Here we have several tropes, as before in his earlier version of La valse hesitation. There is the fruit, ripe with metaphoric meaning in sexual relationship and sexual union, yet the seemingly healthy and sexually mature fruit sits side-by-side, a day at the beach, looking good, but not really seeing one another. Rather, they are each allowing themselves to be seen in the hidden way that they are allowing themselves to be seen. They have shown most of their best, and yet they hide.
How many of us has been in a relationship where we care about our outer selves and keep our eyes veiled, hidden. We look good, we are enticing to our partner, we are enviable to others, yet we stay just out of reach?
Coming from an Attachment Theory perspective, I would deconstruct this in the following ways:
Anxious Attachment Style
I am not good enough how I really am.
I am not worthy as myself.
I cannot trust being vulnerable and exposing myself.
I will keep this mask on so s/he won't see what I lack.
Avoidant Attachment Style
I am fine by myself.
I will not let her/him in.
I am independent.
S/he can tag along with me (to the beach), but I will not expose myself beyond what I want her/him to see.

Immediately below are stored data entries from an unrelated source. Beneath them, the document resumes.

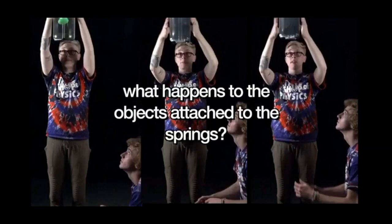Now what happens when the jar is in free fall? Let's watch the video!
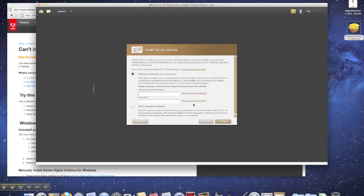If you do not have an Adobe ID, you can create one at Adobe.com. When you are done entering your Adobe ID information, click Authorize to authorize your computer.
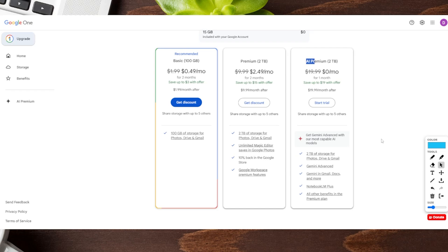And just like that, you are able to upgrade to a Google One subscription for your Google account.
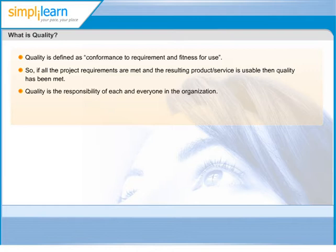You must have heard comments like, 'System is too slow, I can't use it.' This is a below-quality product. The users feel it's below quality as it is too slow to be used, meaning it's not usable.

If I trust her/him with being fully vulnerable and exposed, I might come to depend on her/him, and I CAN'T TRUST her/him with that!
What is tragic about this hiding is that these are merely learned coping strategies that protect the emotional interior state of the person with an insecure attachment style. These can be unlearned. My research as a social scientist has been precisely about to developing a healthier sense of self-worth and learning new skills within intimate partnerships to have BOTH higher relational satisfaction and higher sexual satisfaction--they go hand in hand.
Once individuals within the couples framework begin to see that some of their skills are working for them within their primary relationship, they often report positive shifts in other areas of their lives--more profound conversations, deeper intimacy within friendships, culling their social circle to limit time with more pessimistic people, and becoming the change they wish to see.